1 / 5
Sep 2017

What would be the best way to grab the lang attribute from a HTML document. i.e.
<html lang="en"

I'm guessing that metamap.cfg classes don't pick up on the HTML tag, so
l,0,lang wouldn't work.

I've also tried the following settings for the metadata scraper, and tried pointing it to the HTML tag,

[{
"urlRegex": "http://www\.site\.org",
"metadataName": "dc.language",
"elementSelector": "html",
"applyIfNoMatch": false,
"extractionType": "attr",
"attributeName": "lang"
}]

But no luck with this either.

  • created

    Sep '17
  • last reply

    Sep '17
  • 4

    replies

  • 7.1k

    views

  • 3

    users

  • 2

    likes

  • 3

    links

Hey Tim,

The metadata scraper can definitely be used for this.

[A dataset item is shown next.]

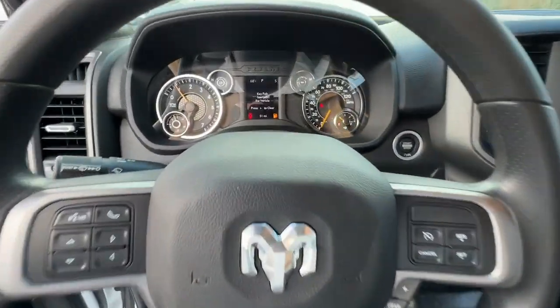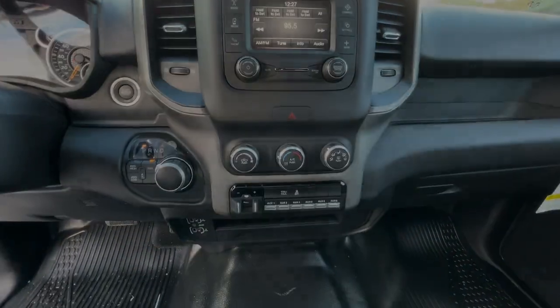Don't take risks in a truck that's not up to the task. Get the Ram 2500 and power up.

the language is correctly extracted from:
https://www.theguardian.com/au

into a field called fb.language using the following metadata scraper configuration.

[{
  "urlRegex": "theguardian\\.com/",
  "metadataName": "fb.language",
  "elementSelector": ":root",
  "attributeName": "lang",
  "applyIfNoMatch": false,
  "extractionType": "attr",
  "processMode": "regex",
  "value": "(.+)",
  "description": "Get language from document"
}]

Your code might not be working for the following reasons:

  1. I'm not sure but I think the processMode/value params are needed to define what's extracted.
  2. Check that the URL is indeed matching (note the double escaping of backslashes), and make sure the URL matches what you are storing.
  3. Check to make sure you're actually calling the metadata scraper (you have to add it to your Jsoup filter chain).

Thanks Pete!

We've updated our scraper settings. This is how we're referencing the scraper in our filter.classes settings in the collection.cfg,

filter.classes=FAChecker:CombinerFilterProvider,TikaFilterProvider,ExternalFilterProvider:JSoupProcessingFilterProvider:DocumentFixerFilterProvider:InjectNoIndexFilterProvider:com.funnelback.services.filter.MetaDataScraperFilter:com.funnelback.services.filter.TypeFilter

Is this correct?

I get the feeling the scraper is not being properly referenced, here's our scraper settings,

[{
"urlRegex": "truebluenaturalgas\.org/",
"metadataName": "dc.language",
"elementSelector": ":root",
"attributeName": "lang",
"applyIfNoMatch": false,
"extractionType": "attr",
"processMode": "regex",
"value": "(.+)",
"description": "Get language from document",
"applyIfNoMatch": true,
"value": "en"
}]

It should be applying en to the l:dc.language class metadata, but nothing appears to be coming through.

Hi @ttran -

If you're using Funnelback v15.8+, you'll need to ensure you have a line that looks like the following in collection.cfg (note the addition of MetadataScraper at the end):

filter.jsoup.classes=ContentGeneratorUrlDetection,FleschKincaidGradeLevel,UndesirableText,MetaDataScraper

This assumes that the JSoupFilterProvider has already been referenced in the filter.classes line in collection.cfg. The default value is:

filter.classes=CombinerFilterProvider,TikaFilterProvider,ExternalFilterProvider:JSoupProcessingFilterProvider:DocumentFixerFilterProvider

Refer:
https://docs.funnelback.com/15.8/more/extra/metadata-scraper.html5
https://docs.funnelback.com/15.8/more/extra/filter_jsoup_classes_collection_cfg.html1
https://docs.funnelback.com/15.8/develop/programming-options/custom-filters.html#built-in-filters1

11 days later

Thanks GG! Thanks Pete!

Final filter settings I ended up using were,

filter.classes=CombinerFilterProvider,TikaFilterProvider,ExternalFilterProvider:JSoupProcessingFilterProvider:DocumentFixerFilterProvider:InjectNoIndexFilterProvider:com.funnelback.services.filter.TypeFilter:com.funnelback.services.filter.MetaDataScraperFilter
filter.jsoup.classes=ContentGeneratorUrlDetection,FleschKincaidGradeLevel,UndesirableText,MetadataScraper

And the metadata_scraper.json format ended up being,

[{
"urlRegex": "www\.truebluenaturalgas\.org/",
"metadataName": "fb.lang",
"elementSelector": ":root",
"attributeName": "lang",
"applyIfNoMatch": false,
"extractionType": "attr",
"processMode": "regex",
"value": "(.+)",
"description": "Get language from document"
}]

I ran into a few hiccups trying to use a metadata name which was already being indexed, i.e. "dc.language", but using a new separate fb.lang one, did the trick.

So in my metamap.cfg, I had,

fbLang,0,fb.lang - and I reference the HTML lang property using fbLang via a query gscope.